I imagine many designers feel exactly the same way when their work appears in a magazine for the first time. In 2013 I was again asked to design a pattern for a special wedding issue and my work even made the front cover, which I hadn't been expecting. I felt a wave of pride wash over me. Even thinking back to these times now I forget all the stress involved and enjoy seeing the work I once designed. These projects had been some of my best work, my most advanced work, but there is always this feeling inside of me that I would never do it again.

So why? Well, to be honest, it became a journey of immense stress for me and one I had become really disillusioned by even though I loved seeing my finished work published and most of the time the people I met were really lovely to work with and I think this is one of the main reasons why I kept going. 



Since the wedding issue I went on to design a top for the same magazine a couple of years later, some cute bear booties for another magazine, and I designed numerous crochet patterns for a yarn company to use under their own brand name. Even after that and gaining zero credit, I was still continuing this line of work, even though I was slowly becoming miserable.

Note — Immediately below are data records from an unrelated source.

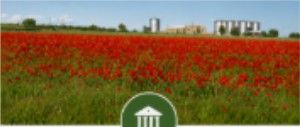 Campo de amapolas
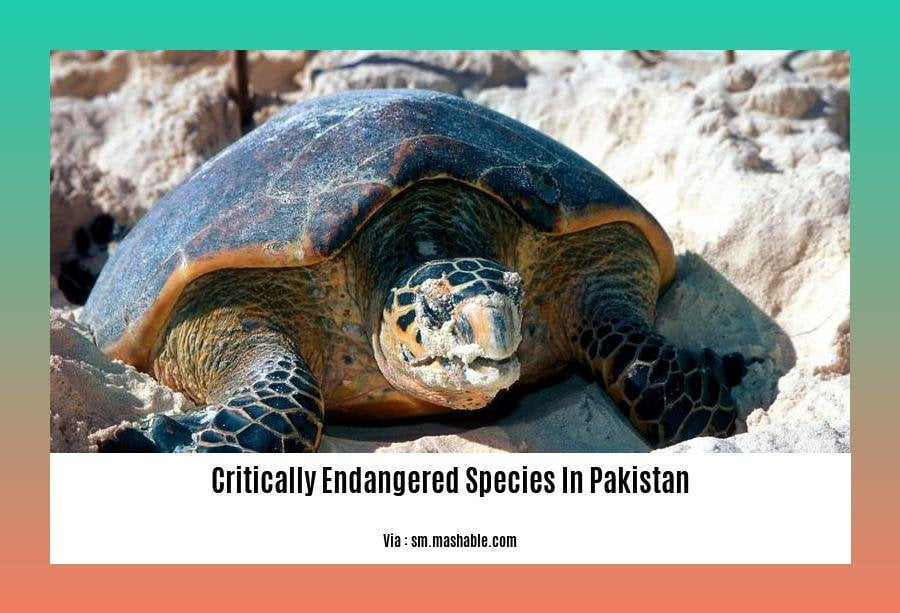 Critically endangered species in Pakistan
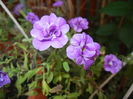 Calibrachoa Double Amethyst (16,Jul.14)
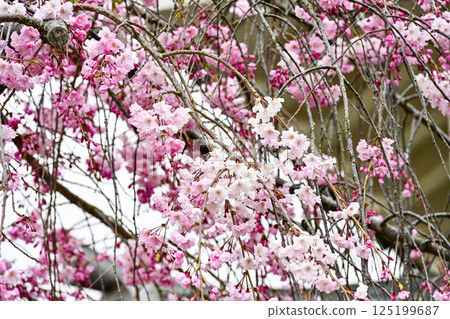 Weeping cherry blossoms blooming in Nishio City Historical Park Weeping cherry blossoms blooming in Nishio City Historical Park 125199687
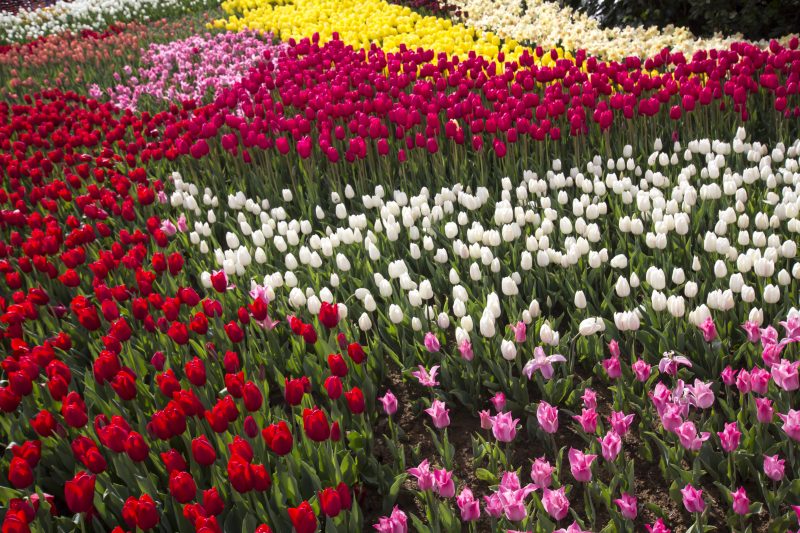Van Lieshout Dier & Tuin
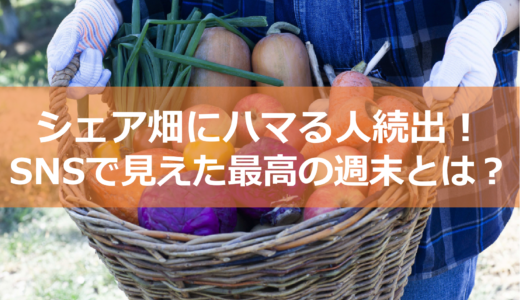 シェア畑にハマる人続出！SNSから見えた最高の週末とは？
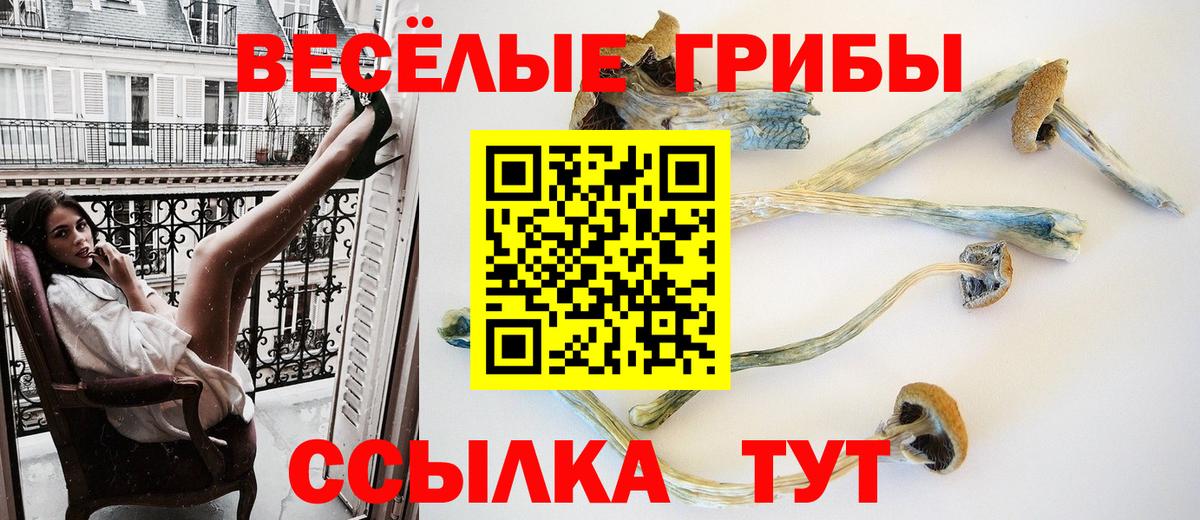 где продают наркотики  Вход с VPN  Ростов-на-Дону  Галлюциногенные грибы ЛСД 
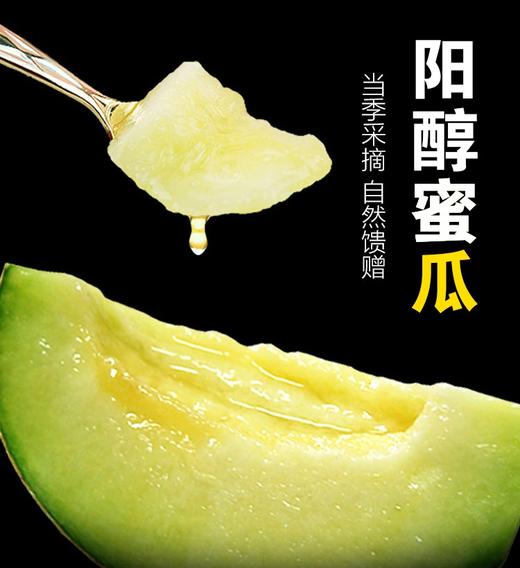 洛嘉生态网纹瓜2个，净重4.8斤 商品图1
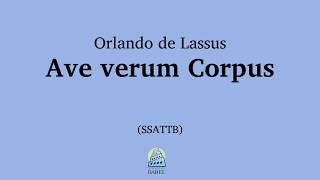 Orlando de Lassus  Ave verum Corpus [upl. by Llebyram]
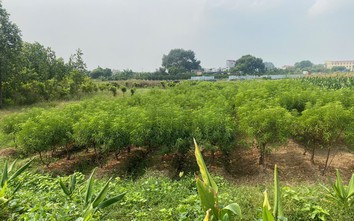 Sở Xây dựng Phú Thọ yêu cầu đẩy nhanh giải phóng mặt bằng Khu đô thị Yên Lạc - Dragon City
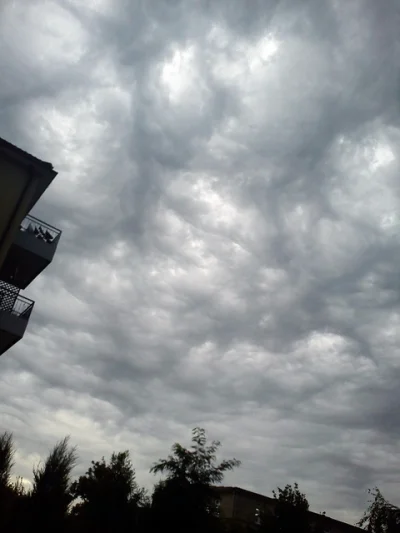 pyt33 - asperatus w Siedlcach z telefonu :>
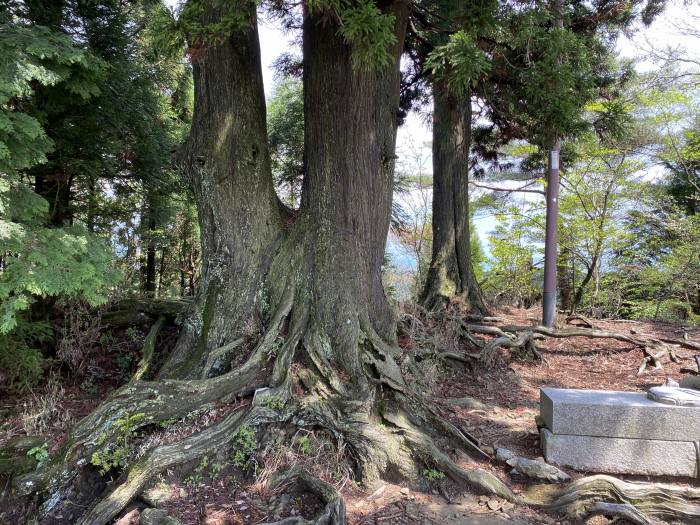 大津市坂本本町/比叡山延暦寺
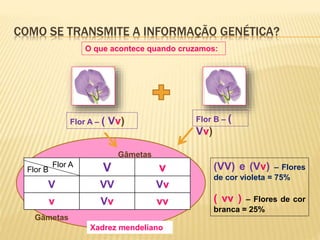 COMO SE TRANSMITE A INFORMAÇÃO GENÉTICA? 
O que acontece quando cruzamos: 
Flor A – ( Vv) Flor B – ( 
Vv) 
Flor B (VV) e (Vv) – Flores 
V v 
Flor A 
V VV Vv 
v Vv vv 
de cor violeta = 75% 
( vv ) – Flores de cor 
branca = 25% 
Gâmetas 
Gâmetas 
Xadrez mendeliano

And it comes down to mainly one thing. I knew my worth. Having been a graphic/web designer for many years in the design industry, I was used to being paid a much more respectable rate for my creativity and once the excitement of appearing in a magazine worn off, I was left wondering what I was actually getting from designing for others, especially when my name wasn't even being mentioned with this yarn company taking all the credit. To this day I still don't know why I did that, especially considering one of their employees began to make one of my designs and took it upon herself to email me every few minutes with rude questions about my design as if I had a responsibility to reply.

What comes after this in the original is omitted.